Welcome! Emma Buzo, founder and director of The Alex Buzo Company here. After two years I've decided to spill the beans. On running an independent arts organisation, that is. First up, I'll be documenting the process of theatre making. Rehearsals are about to begin for the company's upcoming production of Norm and Ahmed + Shafana and Aunt Sarrinah at the Seymour Centre 5-29 August. Those studying and teaching theatre as well as those interested in the arts and how an idea gets up will be given a ringside seat via this blog. Posts will feature a top-shelf team of theatre practitioners at various stages of their careers through images, interviews and clips.

I first had the idea to commission a contemporary playwright to respond to Buzo's iconic
Norm and Ahmed in 2007 and it's taken me two years of hard yakka to see it come to fruition. I wanted to bring new audiences to my father's work and plant it firmly in the present with a view to the future. I'm also aiming to create a bit of a "through line" for Australian theatrical heritage, now that we've got some history behind us. Cultural amnesia is a common affliction in Australia, I've discovered. Perhaps this is the antidote? We'll see.

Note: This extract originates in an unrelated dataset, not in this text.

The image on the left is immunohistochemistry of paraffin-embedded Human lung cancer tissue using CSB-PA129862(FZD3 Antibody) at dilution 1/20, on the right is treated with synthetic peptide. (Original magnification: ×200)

Norm and Ahmed is an encounter between a white Aussie "bloke" and an articulate Pakistani uni student, inspired by an incident Alex witnessed in the uni bar at UNSW in 1968. It's about racism and generational tension, with the premise "never underestimate the power of difference." I decided to commission Alana Valentine to write the companion play as she told me a captivating story about the opposition a young Afghani Australian Muslim woman faced when she told her own family she wanted to wear the headscarf. We don't often hear of diversity within an ethnic community.

Since 2007,
Norm and Ahmed has become a NSW HSC Drama text, and together with reports of racial bashings perpetrated against international students at Australian universities plus the ongoing dialogue about the wearing of the headscarf...that's one prophetic idea!